* Provided material:
-*-*-
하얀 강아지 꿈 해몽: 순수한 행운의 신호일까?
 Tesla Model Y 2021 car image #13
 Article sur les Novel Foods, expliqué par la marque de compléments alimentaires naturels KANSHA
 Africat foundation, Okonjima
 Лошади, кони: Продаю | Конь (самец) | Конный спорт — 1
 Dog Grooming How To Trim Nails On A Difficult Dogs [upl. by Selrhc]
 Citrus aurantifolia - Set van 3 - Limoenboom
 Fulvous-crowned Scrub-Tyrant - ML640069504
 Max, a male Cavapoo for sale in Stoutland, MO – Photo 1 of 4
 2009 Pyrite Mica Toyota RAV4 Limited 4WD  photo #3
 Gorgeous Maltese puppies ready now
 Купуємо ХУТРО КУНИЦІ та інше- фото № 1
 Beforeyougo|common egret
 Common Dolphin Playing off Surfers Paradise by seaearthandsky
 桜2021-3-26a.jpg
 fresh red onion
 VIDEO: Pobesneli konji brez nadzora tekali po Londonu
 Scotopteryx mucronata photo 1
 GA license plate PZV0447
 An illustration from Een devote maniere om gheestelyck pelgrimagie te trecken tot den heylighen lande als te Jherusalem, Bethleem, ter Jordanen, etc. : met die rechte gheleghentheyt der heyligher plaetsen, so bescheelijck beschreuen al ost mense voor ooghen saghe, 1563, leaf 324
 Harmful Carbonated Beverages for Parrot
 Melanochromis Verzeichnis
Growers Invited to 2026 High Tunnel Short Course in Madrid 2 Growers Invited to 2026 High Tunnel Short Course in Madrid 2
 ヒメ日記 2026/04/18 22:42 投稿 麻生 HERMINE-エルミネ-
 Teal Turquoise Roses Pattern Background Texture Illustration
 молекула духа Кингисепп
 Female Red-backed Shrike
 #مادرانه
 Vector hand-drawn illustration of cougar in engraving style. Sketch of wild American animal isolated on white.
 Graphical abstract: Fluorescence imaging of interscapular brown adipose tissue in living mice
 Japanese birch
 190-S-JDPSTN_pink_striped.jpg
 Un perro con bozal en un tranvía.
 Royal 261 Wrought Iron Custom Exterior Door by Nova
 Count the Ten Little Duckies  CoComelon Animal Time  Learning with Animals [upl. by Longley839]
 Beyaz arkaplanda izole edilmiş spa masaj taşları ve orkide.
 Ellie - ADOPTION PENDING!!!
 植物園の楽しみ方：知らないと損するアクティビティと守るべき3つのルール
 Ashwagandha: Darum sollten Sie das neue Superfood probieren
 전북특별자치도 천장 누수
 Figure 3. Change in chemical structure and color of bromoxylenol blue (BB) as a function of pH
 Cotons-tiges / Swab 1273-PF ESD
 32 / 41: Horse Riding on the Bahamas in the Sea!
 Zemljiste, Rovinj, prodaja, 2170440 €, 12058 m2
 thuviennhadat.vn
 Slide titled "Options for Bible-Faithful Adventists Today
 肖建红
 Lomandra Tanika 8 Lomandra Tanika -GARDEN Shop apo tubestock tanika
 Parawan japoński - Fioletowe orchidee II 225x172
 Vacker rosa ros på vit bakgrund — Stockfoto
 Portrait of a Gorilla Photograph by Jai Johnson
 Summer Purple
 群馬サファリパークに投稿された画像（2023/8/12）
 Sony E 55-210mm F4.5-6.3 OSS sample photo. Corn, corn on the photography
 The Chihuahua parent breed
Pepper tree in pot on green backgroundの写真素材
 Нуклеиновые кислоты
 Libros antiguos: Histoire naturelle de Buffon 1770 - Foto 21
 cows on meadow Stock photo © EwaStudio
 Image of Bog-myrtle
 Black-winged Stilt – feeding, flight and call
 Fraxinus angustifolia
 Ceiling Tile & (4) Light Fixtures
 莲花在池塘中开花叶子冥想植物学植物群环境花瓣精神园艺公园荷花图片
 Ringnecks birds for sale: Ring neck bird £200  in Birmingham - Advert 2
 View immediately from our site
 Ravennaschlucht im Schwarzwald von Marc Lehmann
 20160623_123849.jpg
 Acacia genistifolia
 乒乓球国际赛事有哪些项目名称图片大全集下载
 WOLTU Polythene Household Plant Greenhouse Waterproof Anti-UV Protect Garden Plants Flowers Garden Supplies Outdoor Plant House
-*-*-
* What the exercise asks: Copy the lines of the data above exactly as written, beginning with the line containing "thuviennhadat.vn" and ending with the line containing "View immediately from our site", and leave out all other lines.

* Answer for this exercise:
 thuviennhadat.vn
 Slide titled "Options for Bible-Faithful Adventists Today
 肖建红
 Lomandra Tanika 8 Lomandra Tanika -GARDEN Shop apo tubestock tanika
 Parawan japoński - Fioletowe orchidee II 225x172
 Vacker rosa ros på vit bakgrund — Stockfoto
 Portrait of a Gorilla Photograph by Jai Johnson
 Summer Purple
 群馬サファリパークに投稿された画像（2023/8/12）
 Sony E 55-210mm F4.5-6.3 OSS sample photo. Corn, corn on the photography
 The Chihuahua parent breed
Pepper tree in pot on green backgroundの写真素材
 Нуклеиновые кислоты
 Libros antiguos: Histoire naturelle de Buffon 1770 - Foto 21
 cows on meadow Stock photo © EwaStudio
 Image of Bog-myrtle
 Black-winged Stilt – feeding, flight and call
 Fraxinus angustifolia
 Ceiling Tile & (4) Light Fixtures
 莲花在池塘中开花叶子冥想植物学植物群环境花瓣精神园艺公园荷花图片
 Ringnecks birds for sale: Ring neck bird £200  in Birmingham - Advert 2
 View immediately from our site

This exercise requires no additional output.